For example, I slipped on something, and he was able to catch it and fix it, he knew what was going on and stopped me from panicking, with me being the new or ‘green’ guy. Afterward, he was so nice, and even though something got messed up it didn’t matter, he was so patient with me. He took his time explaining to me what happened and what needs to happen next time. He was always the constant professional, and that was one of the coolest things about working with him.
|Cody Rhodes puts the championship around Gordon’s waist.|
Chaotic Wrestling and ROH appear to be two promotions very near and dear to you. What is it about these two promotions that stand out the most, and why do you remain as loyal as you are to them?
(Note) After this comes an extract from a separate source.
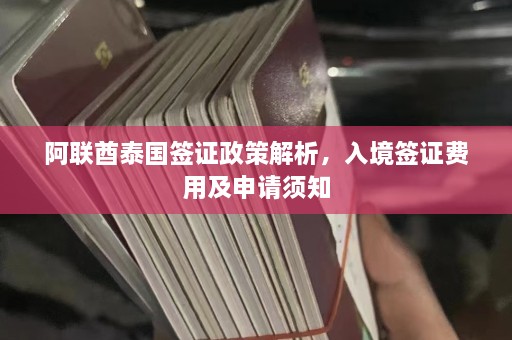 阿联酋泰国签证政策解析，入境签证费用及申请须知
I always did research and wanted to look into which promotions were doing the best, which companies were the hottest right now, and which have the most buzz because those are the companies that I work for. Don’t get me wrong, I want to work everywhere and anywhere, but I also want to work in places that are going to help create buzz for me. If a company is hot and there is a lot of buzz about them, then why wouldn’t I want to work with them? I want to be a part of them and create my own buzz as well. I want to get my name out there, I have to get the Flip Gordon name out there and build my brand, just like they are trying to build their brand.
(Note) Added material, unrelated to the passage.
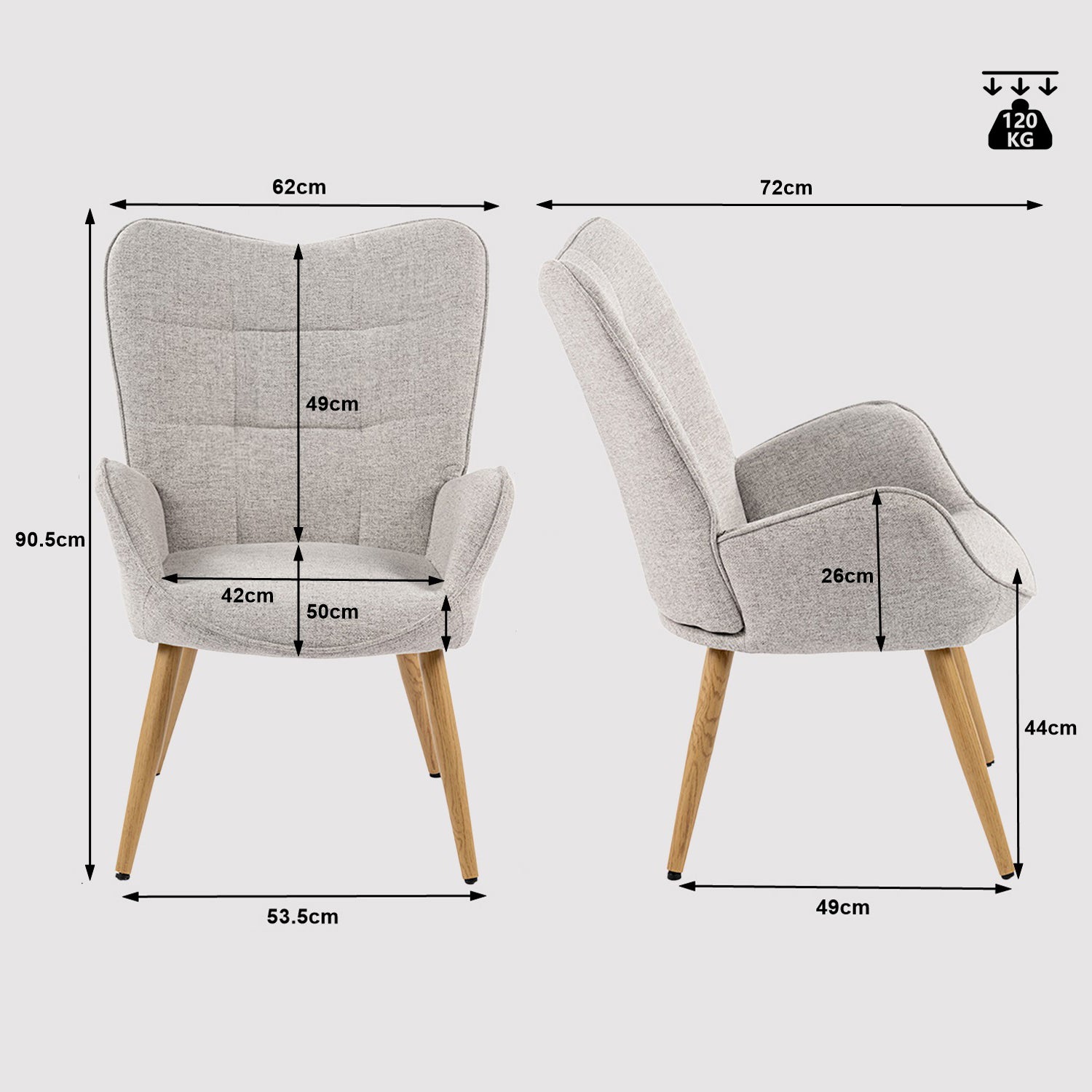 Scandinavian armchair with armrests in gray fabric with stitching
With Chaotic Wrestling, it has a long history and tradition going back to Kofi Kingston, and Damien Sandow, and Sasha Banks. It has a long lineage of people that have gone to WWE. It’s tied to Brian Fury’s school, which used to be called the Chaotic Training Centre (CTC). Before that, it was the Killer Kowalski Wrestling Academy. It has a long lineage and tradition, and I think that’s what is so cool about Chaotic Wrestling, the guys that come up within the system, in the pool. That is where you get your start. This is where you learn the ropes that is what I would say.
Competing all over North America is significant for you, as evidenced by your time in CMLL. What has the biggest difference been for you competing in the U.S and Canada and Mexico?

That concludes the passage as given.